C’est un problème mondial. Une réglementation efficace des données, leur protection et le respect de la vie privée sont essentiels pour instaurer la confiance dans l’intelligence artificielle. Mais l’histoire nous apprend qu’une bonne gouvernance permet d’apporter des réponses à ces questions. Toute nouvelle technologie engendre des défis en termes de confiance, d’assimilation, de qualifications, de compétences, etc. Mais avec le bon écosystème, les bonnes politiques et les bonnes structures de gouvernance, nous trouverons les solutions.
La population en Arabie saoudite est-elle généralement ouverte aux innovations liées à l’intelligence artificielle?
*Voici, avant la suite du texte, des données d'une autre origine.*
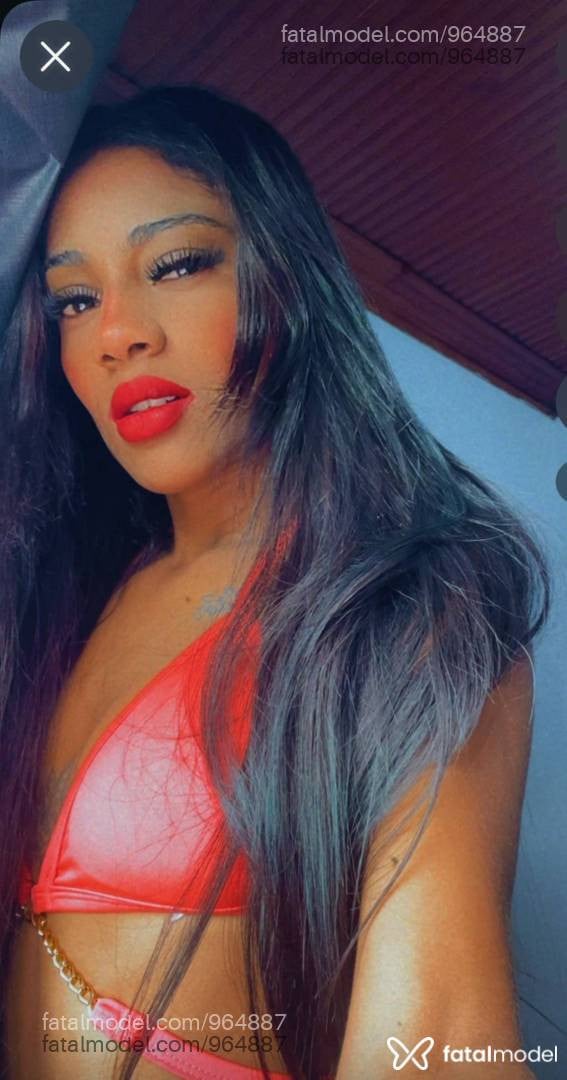 Acompanhante mulher morena (o) de olhos castanhos em Uberaba - Kiara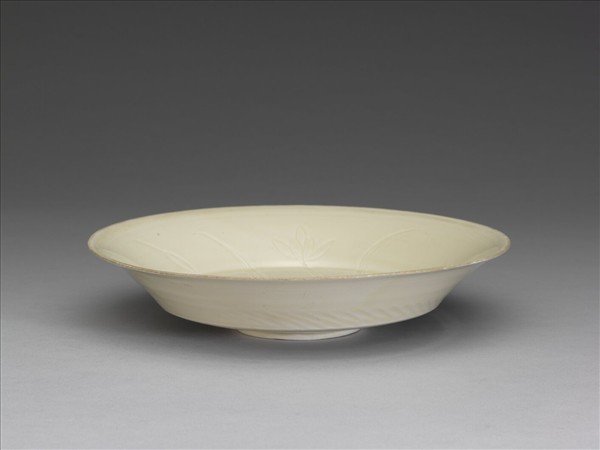 定窯 劃花蓮塘雙鳧折腰盤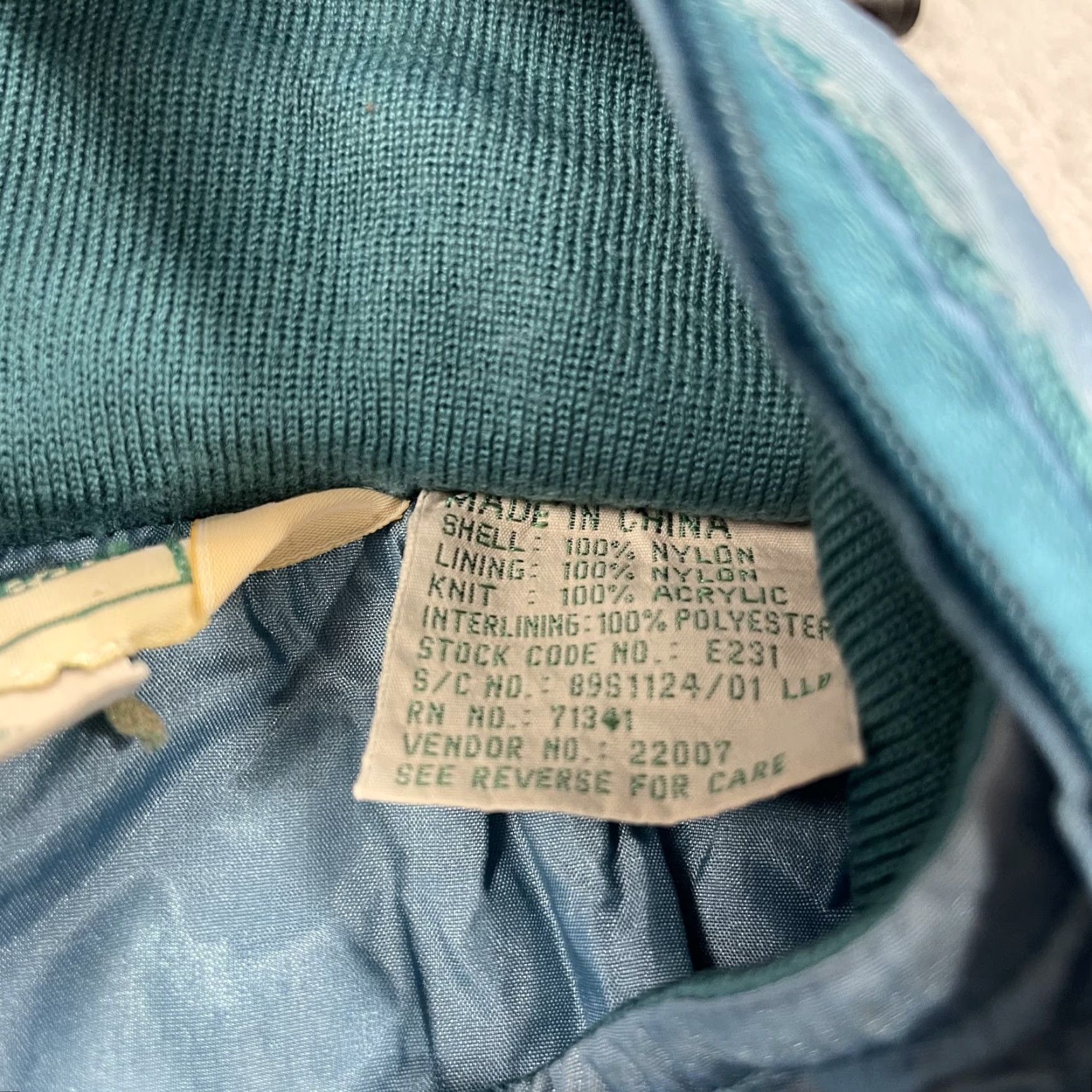 Vintage VINTAGE L.L.Bean Jacket Mens Large Blue Nylon Windbreaker Hooded Zip 90s Size US L / EU 52-54 / 3 - 5 Thumbnail
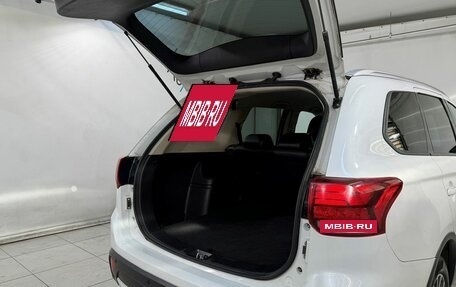 Mitsubishi Outlander III рестайлинг 3, 2016 год, 1 999 800 рублей, 12 фотография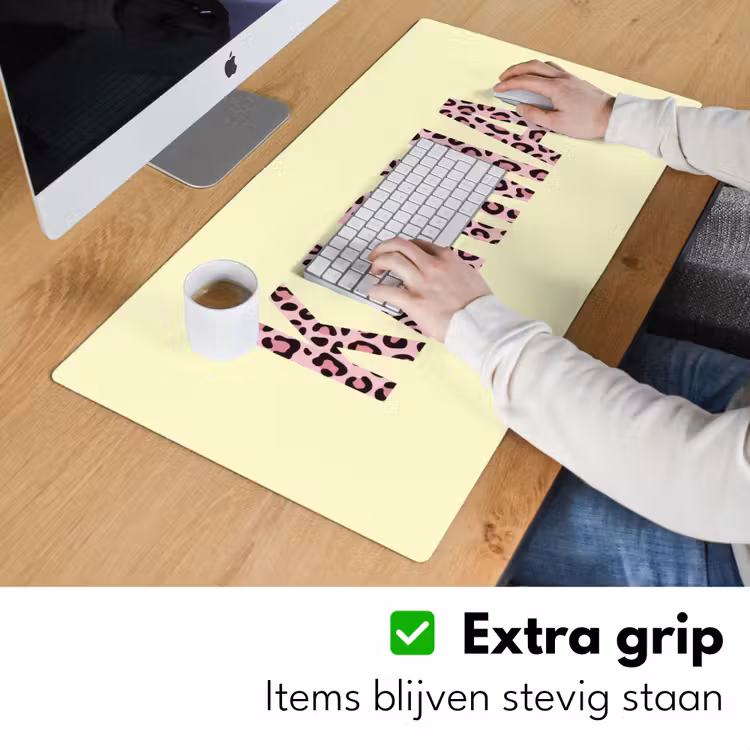 Karma - Luipaardprint - Geel Muismat XXL klein -sfeer3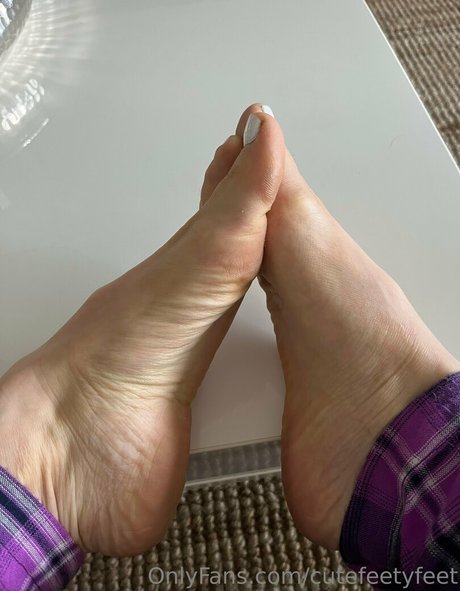 cutefeetyfeet onlyfans archives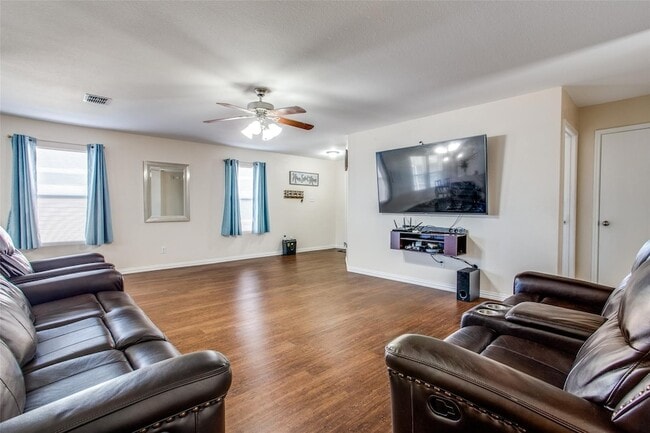 Foto del edificio - 5005 Village Stone Ct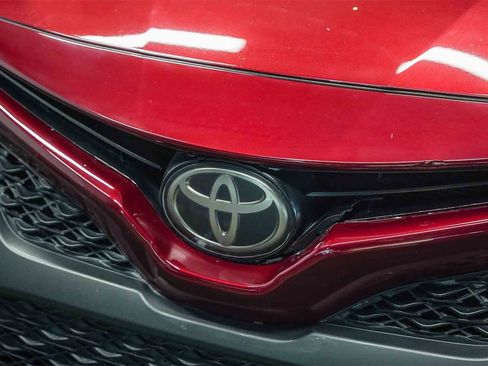 Used 2018 Toyota Camry SE image 8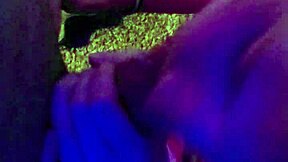 she's sucking that big cock deep 😍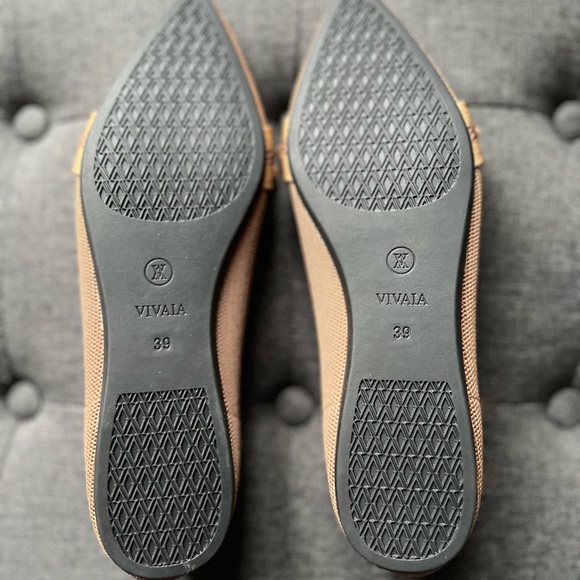 VIVAIA Pointed-Toe Bow Loafers - Picture 8 of 10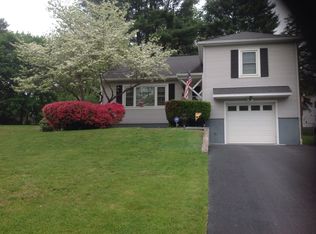 27 Hillcrest Dr, Dallas, PA 18612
Notre population est essentiellement composée de jeunes gens qui connaissent bien le numérique. Nos concitoyens sont très doués et orientés vers la technologie, et ils l’adoptent très rapidement. C’est une grande opportunité pour nous. Nous n’avons qu’à la saisir en mettant en place un écosystème approprié, ainsi qu’une gouvernance et une réglementation efficaces.
De quoi l’avenir est-il fait pour l’Arabie saoudite?
Vision 2030 entraînera des changements majeurs dans l’ensemble de l’économie et de la société et améliorera considérablement la qualité de vie de nos concitoyens. Nous sommes tous très enthousiasmés par les ambitions du pays et la direction dans laquelle nous nous dirigeons. Les choses se passent plus vite qu’on ne peut l’imaginer; ce qui demandait des années auparavant prend maintenant quelques jours. Les gens sont très enthousiastes à l’égard de Vision 2030, qui commence déjà à donner des résultats tangibles.